--- REQUIREMENT ---
The records below are to be set down again exactly, with the pictures left out.

(Short text fragments from websites)

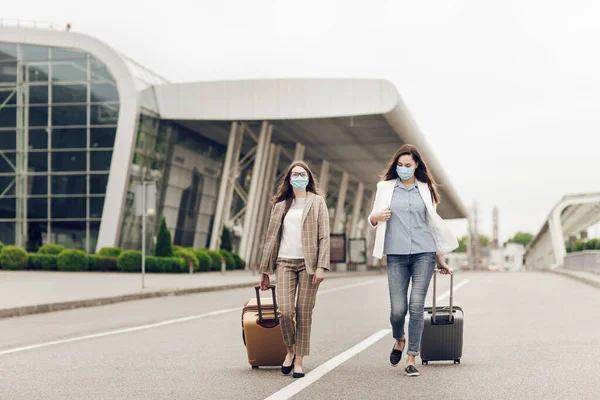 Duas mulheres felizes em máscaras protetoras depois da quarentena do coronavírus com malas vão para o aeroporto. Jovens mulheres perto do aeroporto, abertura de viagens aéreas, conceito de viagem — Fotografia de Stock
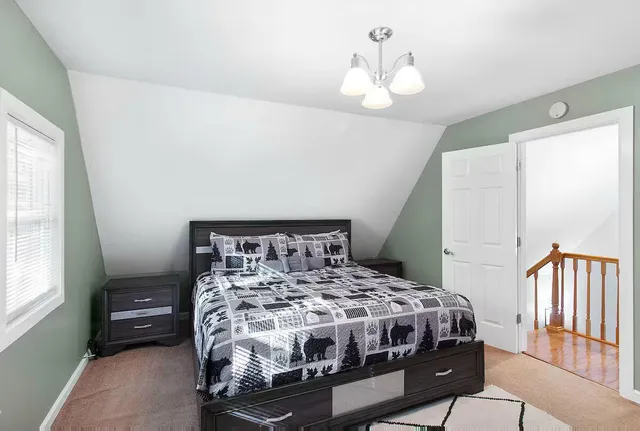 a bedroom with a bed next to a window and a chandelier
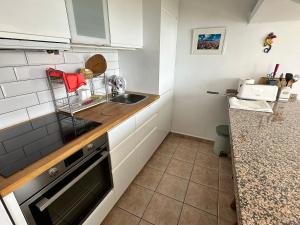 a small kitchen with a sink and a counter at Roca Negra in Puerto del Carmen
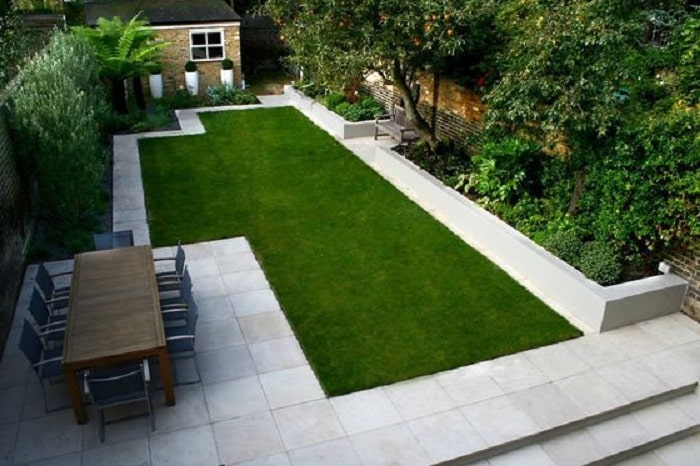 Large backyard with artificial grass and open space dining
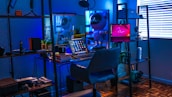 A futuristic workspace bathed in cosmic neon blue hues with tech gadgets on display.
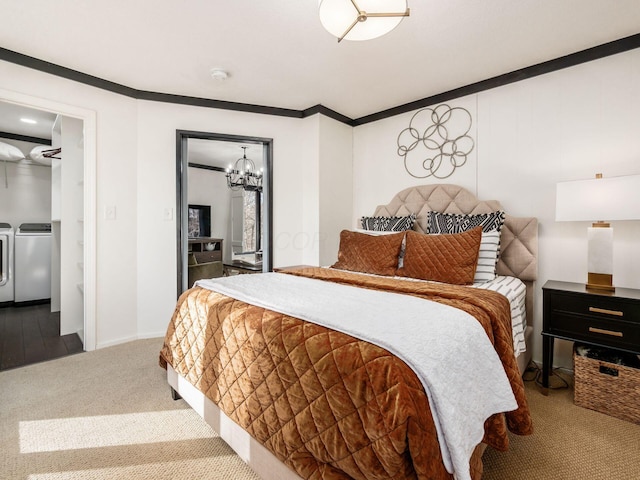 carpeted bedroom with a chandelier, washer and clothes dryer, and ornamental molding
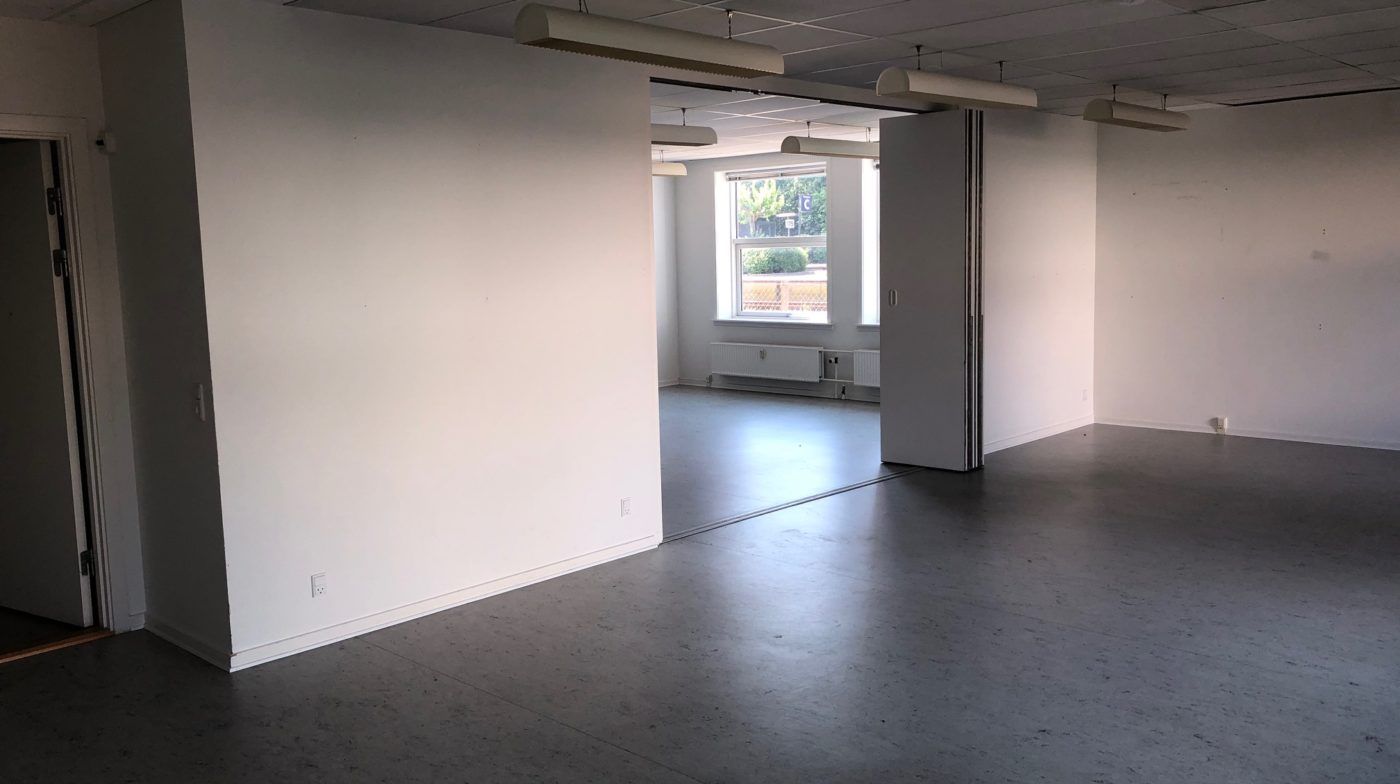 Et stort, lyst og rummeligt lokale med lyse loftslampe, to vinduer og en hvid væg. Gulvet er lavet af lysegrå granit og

--- YOUR SOLUTION ---
 Duas mulheres felizes em máscaras protetoras depois da quarentena do coronavírus com malas vão para o aeroporto. Jovens mulheres perto do aeroporto, abertura de viagens aéreas, conceito de viagem — Fotografia de Stock
 a bedroom with a bed next to a window and a chandelier
 a small kitchen with a sink and a counter at Roca Negra in Puerto del Carmen
 Large backyard with artificial grass and open space dining
 A futuristic workspace bathed in cosmic neon blue hues with tech gadgets on display.
 carpeted bedroom with a chandelier, washer and clothes dryer, and ornamental molding
 Et stort, lyst og rummeligt lokale med lyse loftslampe, to vinduer og en hvid væg. Gulvet er lavet af lysegrå granit og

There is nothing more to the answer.